Metadata-Version: 2.1
Name: textdirectory
Version: 0.3.2
Summary: TextDirectory allows you to combine multiple text files into one. While doing this, filters and transformations can be applied.
Home-page: https://github.com/IngoKl/textdirectory
Author: Ingo Kleiber
Author-email: ingo@kleiber.me
License: MIT license
Description: =============
        TextDirectory
        =============
        
        .. image:: https://img.shields.io/pypi/v/textdirectory.svg
                :target: https://pypi.python.org/pypi/textdirectory
        
        .. image:: https://img.shields.io/travis/IngoKl/textdirectory.svg
                :target: https://travis-ci.org/IngoKl/textdirectory
        
        .. image:: https://readthedocs.org/projects/textdirectory/badge/?version=latest
                :target: https://textdirectory.readthedocs.io/en/latest/?badge=latest
                :alt: Documentation Status
        
        |
        |
        
        .. image:: https://user-images.githubusercontent.com/16179317/39367680-cd409a00-4a37-11e8-8d42-0bed5a4e814b.png
                :alt: TextDirectory
        
        *TextDirectory* allows you to combine multiple text files into one aggregated file. TextDirectory also supports matching
        files for certain criteria and applying transformations to the aggregated text.
        
        *TextDirectory* can be used as a mere tool (via the CLI) and as a Python library.
        
        Of course, everything *TextDirectory* does could be achieved in bash or PowerShell. However, there are certain
        use-cases (e.g. when used as a library) in which it might be useful.
        
        
        * Free software: MIT license
        * Documentation: https://textdirectory.readthedocs.io.
        
        Features
        ========
        * Aggregating multiple text files
        * Filtering documents/texts based on various parameters such as length, content, and random sampling
        * Transforming the aggregated text (e.g. transforming the text to lowercase)
        
        .. csv-table::
           :header: "Version", "Filters", "Transformations"

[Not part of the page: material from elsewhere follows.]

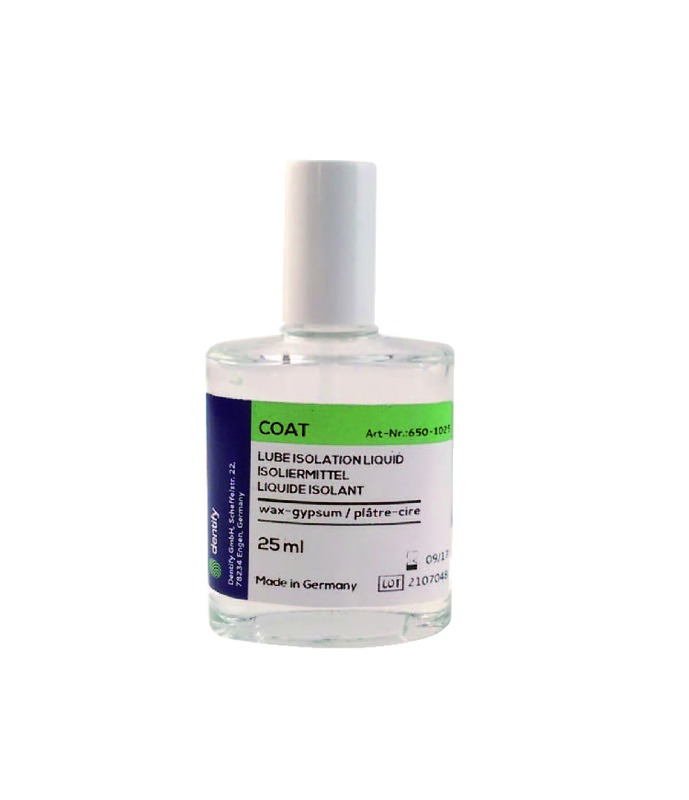 Coat Lube isolant plâtre-cire DENTIFY - Le flacon de 25 ml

           :widths: 10, 30, 30
        
           0.1.0, filter_by_max_chars(n int); filter_by_min_chars(n int); filter_by_max_tokens(n int); filter_by_min_tokens(n int); filter_by_contains(str); filter_by_not_contains(str); filter_by_random_sampling(n int; replace=False), transformation_lowercase
           0.1.1, filter_by_chars_outliers(n sigmas int), transformation_remove_nl
           0.1.2, filter_by_filename_contains(str), transformation_usas_en_semtag; transformation_uppercase; transformation_postag(spacy_model str)
           0.1.3, filter_by_similar_documents(reference_file str; threshold float), transformation_remove_non_ascii; transformation_remove_non_alphanumerical
           0.2.0, filter_by_max_filesize(max_kb int); filter_by_min_filesize(min_kb int), transformation_to_leetspeak; transformation_crude_spellchecker(language model str)
           0.2.1, None, transformation_remove_stopwords(stopwords_source str; stopwords str [en]; spacy_model str; custom_stopwords str); transformation_remove_htmltags
           0.3.0, None, transformation_remove_weird_tokens(spaCy model; remove_double_space=False); transformation_lemmatizer(spaCy model)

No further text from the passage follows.